Life in 2018 can be stressful. We can all agree on that, right?
Watching the news is stressful. Going on the Internet and engaging with social media is stressful.
Earlier this year I was reading an article about the 10th anniversary of the credit crunch and I found myself wistfully reminiscing about a simpler time when all we had to worry about was the potential collapse of all world banks and a future of queuing up for a lunchtime sandwich with a wheelbarrow full of worthless currency.
The temptation at times like this can be to disengage. Modern technology offers us infinite spaces to go and calm our jangled nerves. Some of us are retreating ever further inside carefully curated digital echo chambers of our own opinions.
Others are checking out entirely.
A big part of my work involves encouraging people to develop healthy habits and prioritise self-care, and an increasing number of my clients are saying that they feel a need to take a step back from the world – delete their Twitter, delete their Facebook, stop watching the news.
And I get it. Pausing and finding a peaceful space to reconnect with yourself is vitally important in a world that can be overwhelming at times. And there is a real risk that in taking that step back we end up becoming isolated and disconnected.
But, like I say, I get it. However in retreating, we are only following the example of our current leaders. Political leadership over the past few years has lurched towards isolationism in its policy making. And while these figures – Trump, Erdogan, the so-called ‘Brexiteers’ – inspire fierce devotion from some, they have alienated many more.
And yet, there is a new generation pointing the way ahead – a courageous few who have realised that what the world needs is not more ‘leaders’: what we need right now are warriors.
Warriorship is about stepping up to the challenges that we face as a planet; it’s about embracing the paradoxes of life in the digital age; it’s about disconnecting from the ego and truly being in service of something bigger than the all-consuming self; it’s about going beyond mere words and actually taking action to create the world that you want to see.
Warriors don’t necessarily choose to be so – usually they find themselves called on by the world.
Look at the example set by the survivors of the Stoneman Douglas school shooting in Parkland, Florida. These are children. Still too young to vote, to get served in a bar. Yet they responded to unspeakable tragedy by stepping forward into warriorship. A small group of teenagers have created the most powerful grass-roots gun reform movement in US history.

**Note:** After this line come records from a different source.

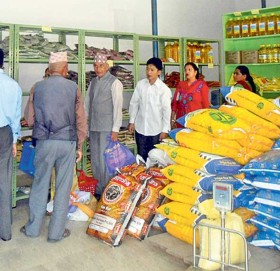 सुपथ मूल्य पसलले उपभोक्तालाई राहत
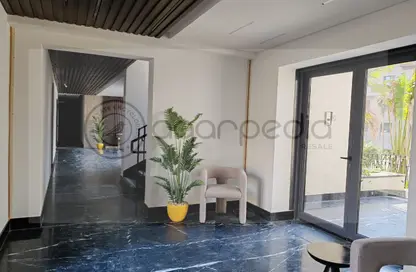 شقة - 4 غرف نوم - 4 حمامات للايجار في فيليت - كمبوندات التجمع الخامس - التجمع الخامس - مدينة القاهرة الجديدة - القاهرة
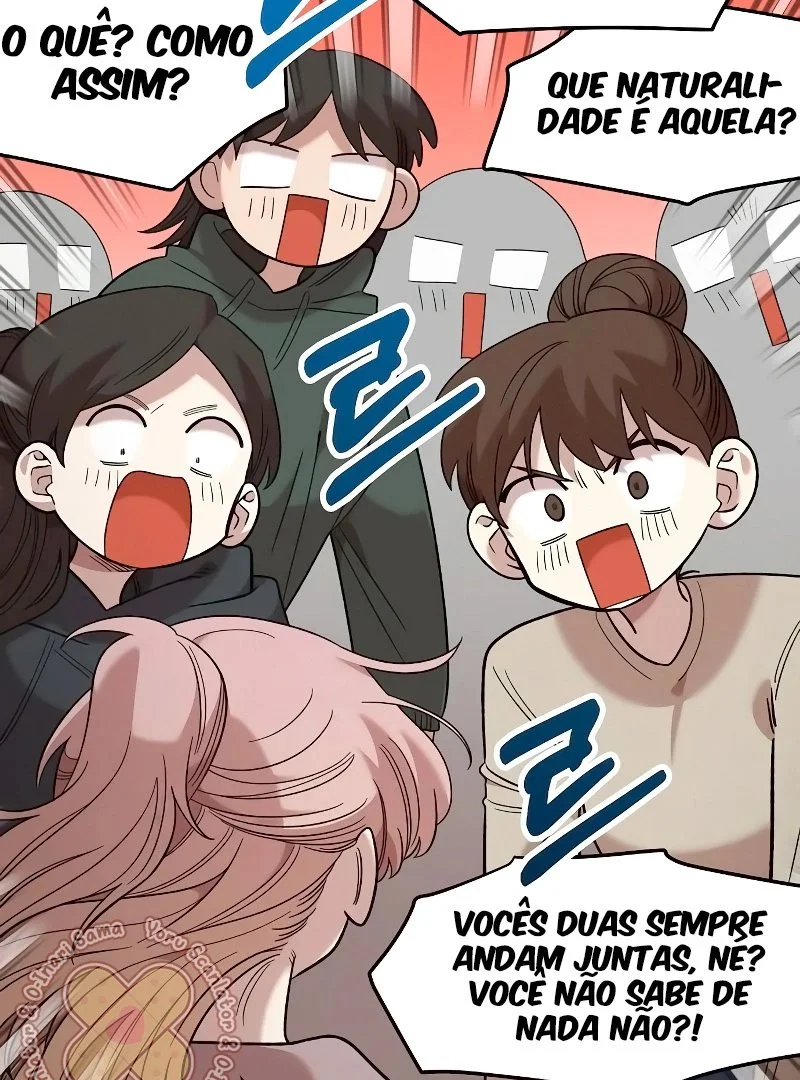 Complexo de Amigos de Infância Capítulo 1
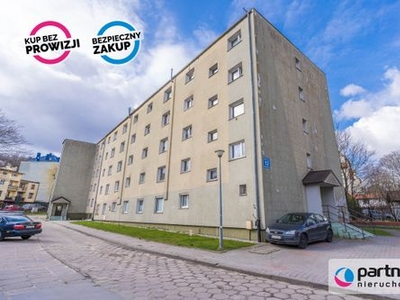 Mieszkanie na sprzedaż 2 pokoje Gdynia Leszczynki, 68 m2, 3 piętro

Only four days after seeing their classmates slaughtered they announced ‘March For Our Lives’, a proposed student-led demonstration to lobby for tighter gun-control laws. Just over a month later an estimated 2 million people turned out all across the United States for one of the largest mass protests in the country’s history.
In the course of organising this movement, some of the kids have become well known, even appearing on the cover of Time Magazine. But they practice collective leadership, with no one individual claiming ownership. They operate as a system, always aware that they are acting in service of something far greater than themselves.
Interestingly, as social-medial natives, these warriors have demonstrated how modern technology can indeed be used to connect, create, and inspire collective action. “People always say, ‘Get off your phones,’ but social media is our weapon,” said Jaclyn Corin when she and her friends were interviewed by Time. “Without it, the movement wouldn’t have spread this fast.”
Of course, they are not immune to the shadow-side of social media. In the course of creating their movement, the Parkland survivors have been subjected to relentless abuse, death threats, and even been accused of being ‘crisis actors’. Yet in the face of this provocation they have remained dignified and focused.
They show us that true warriors are resilient. They show us that true warriors are driven by their sense of purpose to loose themselves from the shackles of ego. They show us that true warriors are willing to step up and engage with the world even when it is hard and painful. Especially when it is hard and painful.
These kids are an example to us all, but they are not alone. Wade through the bad news, the bluster, and the misinformation and you will find warrior stories everywhere. The world seems to be awakening to the idea that what was once understood to be ‘leadership’ has had it’s day, and that warriorship is what is needed to guide us into the next phase of this planet’s evolution.
Warriors are the people who are going to change the world, on the biggest stage and the most intimate. Warriorship is an attitude, a way of being. Expressing it does not require you to immediately go out and start a mass social movement. But it does mean taking action rather than just talking about it. It does mean swapping good intentions for great deeds. It does mean moving your focus from ‘Me’ to ‘Us’ – from ‘I’ to ‘We’.
In any moment you can behave like a warrior. You can do it now, this instant. Go on. Do it now.